Ne hanno pagato il prezzo servizi fondamentali per garantire l'accesso di tutti alla cultura come le biblioteche comunali, molte delle quali sono state costrette a ridurre il personale e i tempi di apertura. Come hanno dovuto, i Comuni, ridurre le azioni positive per fare accedere ai beni e alle attività culturali le fasce di popolazione in difficoltà economica e sociale. E quelle rivolte agli anziani ed alle scuole, per avvicinare i giovani alla grande musica, all'arte, al teatro. E quelle per la tenuta e lo sviluppo del tessuto culturale del territorio che e' elemento essenziale dell' identità e della coesione sociale delle città.
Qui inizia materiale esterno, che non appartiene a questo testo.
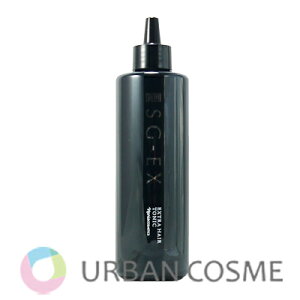 iX p SG-EX GNXg уgjbN 250ml iXϕi  ь 玉  n RV    ێ 邨  si   tP J~ }bT[W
E se i livelli essenziali di prestazione che devono essere garantiti ai cittadini non vengono determinati il rischio di una ulteriore contrazione della spesa sarà ancora più forte vista la perdita di autonomia e di flessibilità della fiscalità locale dopo l'abolizione della TASI sulla prima casa, sostituita da trasferimenti dello Stato. Se vogliamo evitarlo occorre che all'interno dei trasferimenti sia inserita anche la quantità di risorse necessarie a definire e garantire i livelli essenziali di prestazione di cui parla la legge. In un Paese in cui il sistema degli enti locali ha investito in percentuale ai propri bilanci ben più dello Stato, non basta un aumento del la spesa del centro per affermare che c'e' stata una svolta significativa del sistema Paese sul terreno della cultura.
Infine se la cultura è considerata bene pubblico essenziale come la sanità le spese dei cittadini per accedere al bene cultura, al cinema, al teatro, ai musei, a un corso di una Università popolare, dovrebbero avere lo stesso trattamento fiscale e lo stesso sistema di detrazioni delle spese sanitarie.
Tutto questo ha un costo, mentre la legge approvata non prevede costi. Ma proprio questo rivela i limiti e la cattiva fede che la anima. Affermare la cultura come bene essenziale per poli limitarsi a servirsene per regolare il diritto di sciopero senza porsi il problema di come garantirne il diritto all'accesso a tutti i cittadini è davvero poco dignitoso e poco costituzionale.